Clegg: Never the best public speaker

Clegg pulls a surprising victory from the jaws of mediocrity

Clegg pulls a surprising victory from the jaws of mediocrity

Ian Dunt

Well it wasn't half as bad as I thought. My earlier prediction of Clegg's conference speech turned out to be pessimistic. I've never been terribly good at these things.

Well, we all bear our crosses. Clegg's is that he'll never make a great public speaker. He can't do passion. The tail-end of his crescendos tend to quiver and give up, as if he doesn't have confidence in the sentence. He can't do comedy either. His timing is all over the place. Between those two extremes, he's passable at best.

But the content itself was actually very good. The sections on the damage Lib Dems have taken was admirably – and necessarily – frank, although the paragraphs on tuition fees were much less of a 'mea culpa' than they first appeared. Clegg's argument was that the public was too stupid to understand that students would only pay back the fees after they started earning a certain amount. He's wrong. The public understood perfectly, just as they understood he'd signed a pledge not to vote for a rise in fees. It wasn't a PR problem. It was a matter of principle and of the suspicions people have about politicians, which often exist for very good and empirical reasons.

The advance extracts were the worst parts of the speech – a sure sign that the victories here came in sections that the press office found most questionable. The paragraphs on summer schools and riots were particularly terrible. But the strongest part featured a point he merely touched on: that the Lib Dems have a dual role in government – "to hold our coalition partners back and… to move the government forwards".

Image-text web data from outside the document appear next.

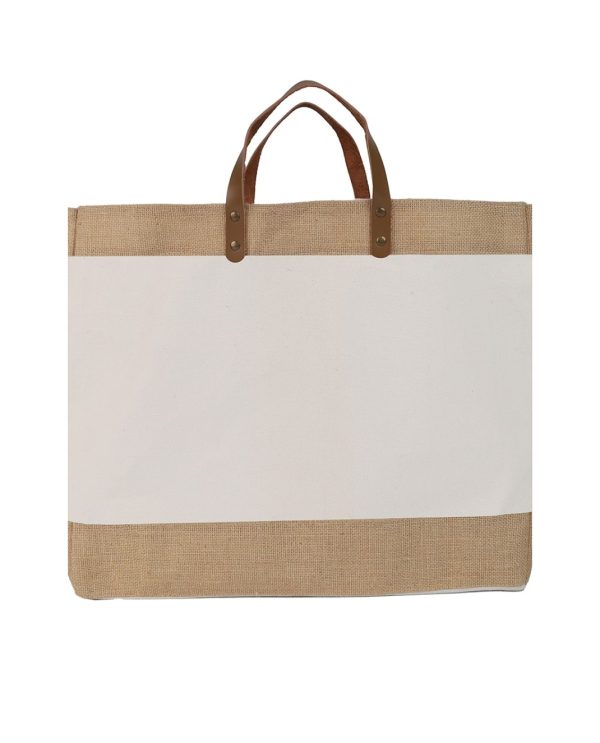 ZAKEN - Canvas & Jute Bag with Leather Handle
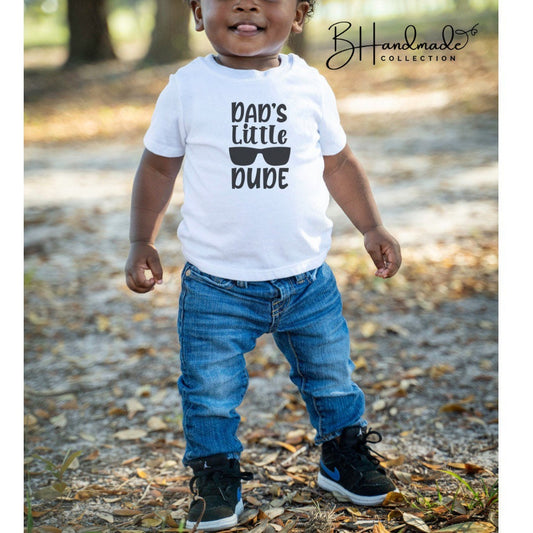 Dads little dude baby T-shirt father and son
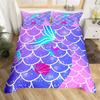 Copripiumino con Scaglie di Pesce Copripiumino a Coda di Sirena Matrimoniale Microfibra Ragazza Guscio Stella Marina Set Biancheria da Letto Per Bambino Adolescente Stanza Kawaii Decorazione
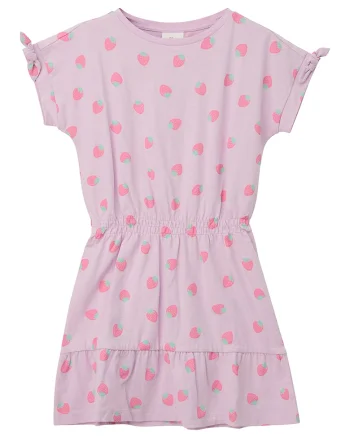 Rochie cu imprimeu si maneci scurte, Verde/Roz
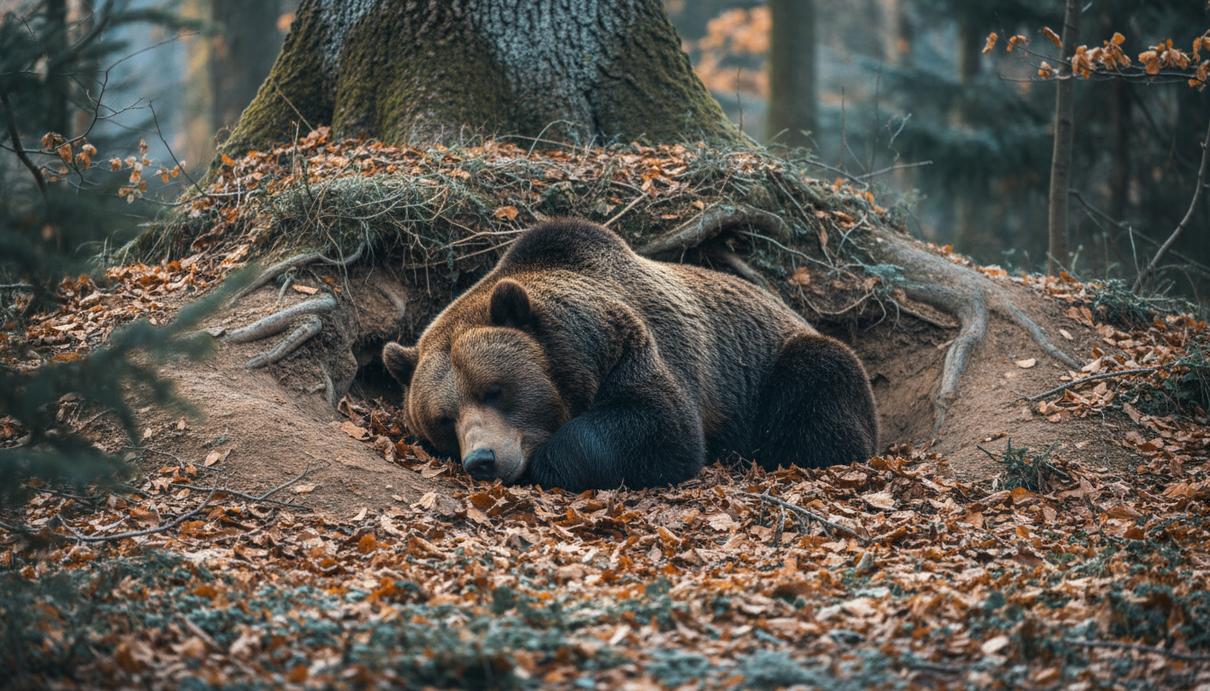Восстановление биоритмов: как спасенные медведи возвращаются к спячке Бурый медведь спит в берлоге из земли и сухих листьев в заснеженном лесу.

It’s this sort of specific, tactical approach to the achievements of government that will settle Lib Dem hearts. By being outspoken about the tactics and requirements in his new role, he implicitly keeps the Tories at arm's length and reassures his own party that any sacrifices being made are for concrete, clearly-understood reasons – not because they're being played by superior tacticians in Downing Street. This short sentence accomplished more than all the Huhne and Cable speeches attacking their coalition partners combined.

For the political geeks among us (basically you, if you’re reading this) the most interesting aspect was probably his relentless attack on Labour, including the line "never, ever trust Labour with our economy again". Clegg did the same thing with Gordon Brown before the 2010 election. He has a habit of burning his bridges in a way that is entirely alien to the Lib Dems who want the party to maintain "equidistance" from the Tories and Labour in case of a future hung parliament.

Has he gambled against Miliband staying leader, or is his heart simply on the right? Either way, the prospect of a Lib-Lab pact seems terribly remote while he's leader.